On 23 May 2023 at 11:01 pm Gregory Young said:
Rent guarantees are just an advertising gimmick by some companies. All landlords can take insurance to cover this. No company can offer you a lower vacancy rate as that is entirely dependent on the market at the time of listing. Don't be fooled by big brand names or companies offering rent guarantees as they usually have additional hidden charges. Google reviews are a mild indicator, at best, as the system is totally flawed and many competitors and trolls add fake reviews. Best is to talk directly to a real client to see how happy they are with the service. Best rates, no hidden costs, best service in Hamilton and Tauranga- call Gregory at At Home Property Management.
On 29 May 2023 at 9:25 am said:
Yes this is good and Gregory's comment is spot on.
A very good question ask is 'do you own rental property?'. If the answer is 'no' then move on. If the answer is 'yes' then you should ask about their experience.

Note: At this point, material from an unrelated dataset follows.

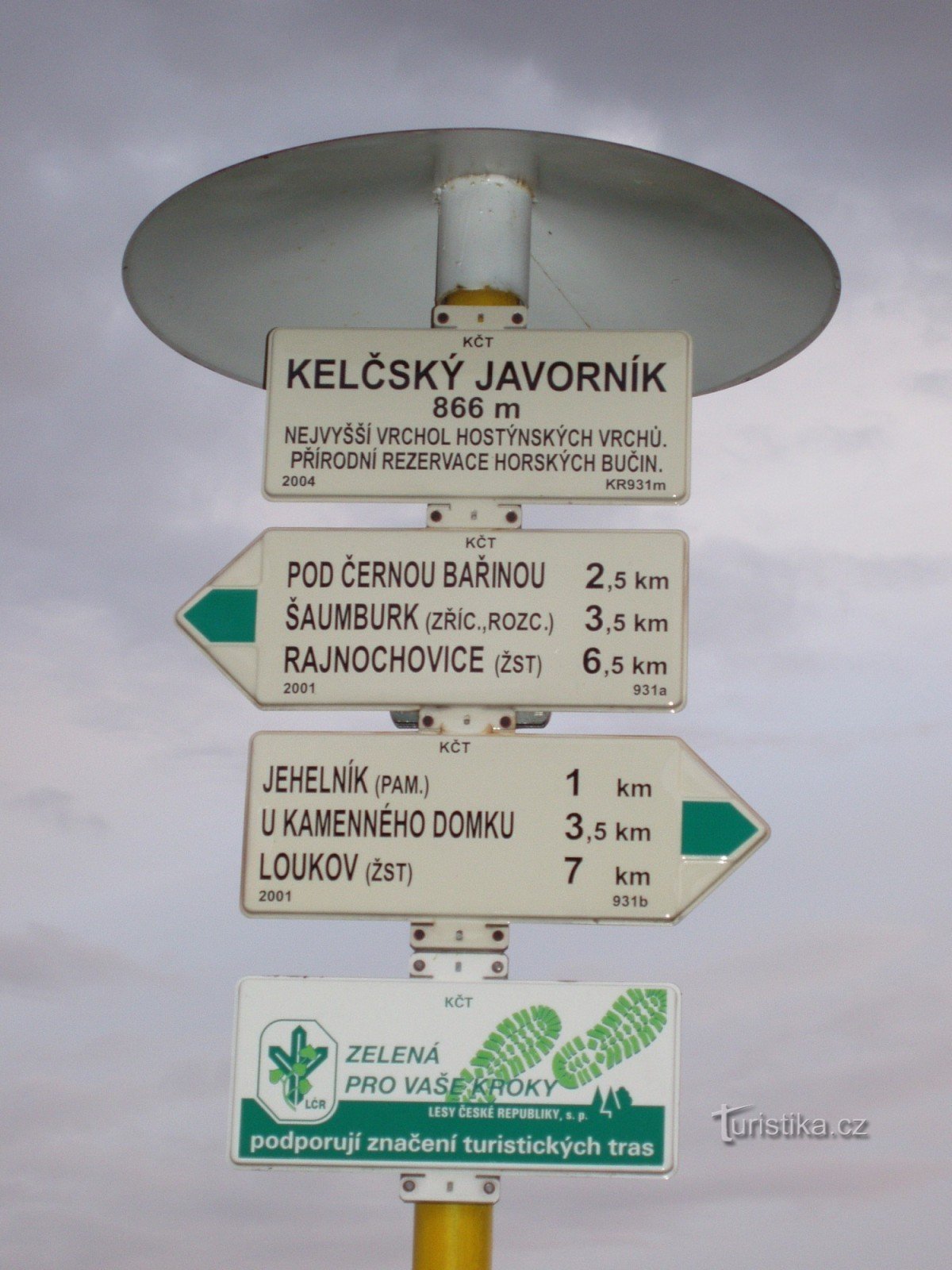 De Chvalčov à reserva natural Kelčský Javorník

Without skin in the game a property manager cannot know their job well enough. Ian
On 29 May 2023 at 12:08 pm Ianacek said:
Vacancy rate is NOT "entirely dependent on the market" .
A good manager starts preparing for reletting the moment they receive written notice from the outgoing tenant. From their inspections , they will have a good idea of what will be necessary to make the rental "rent ready" , so they will line up contractors for the tenant departure . They will be drafting a budget for the owner . They will be giving the outgoing tenant a reminder of expectations and a date and time for return of keys and signoff of the bond . If little work is needed and the outgoing tenant wants to leave within the 4 weeks notice , and the market is strong , the outgoing tenant may agree to co operate with Open Homes if there is a good chance of a new tenant moving in immediately . In any case , the Good property manager will have a streamlined marketing & onboarding plans ready to "hit the ground running" and minimise vacancy days whatever the market . This has been my successful policy for many years . However , when I've had to have properties in another city "managed" , the "manager" has not even thought about these things until the day before tenant departure , so days and weeks are lost. It was as though he was relearning the art of property management every time there was a vacancy.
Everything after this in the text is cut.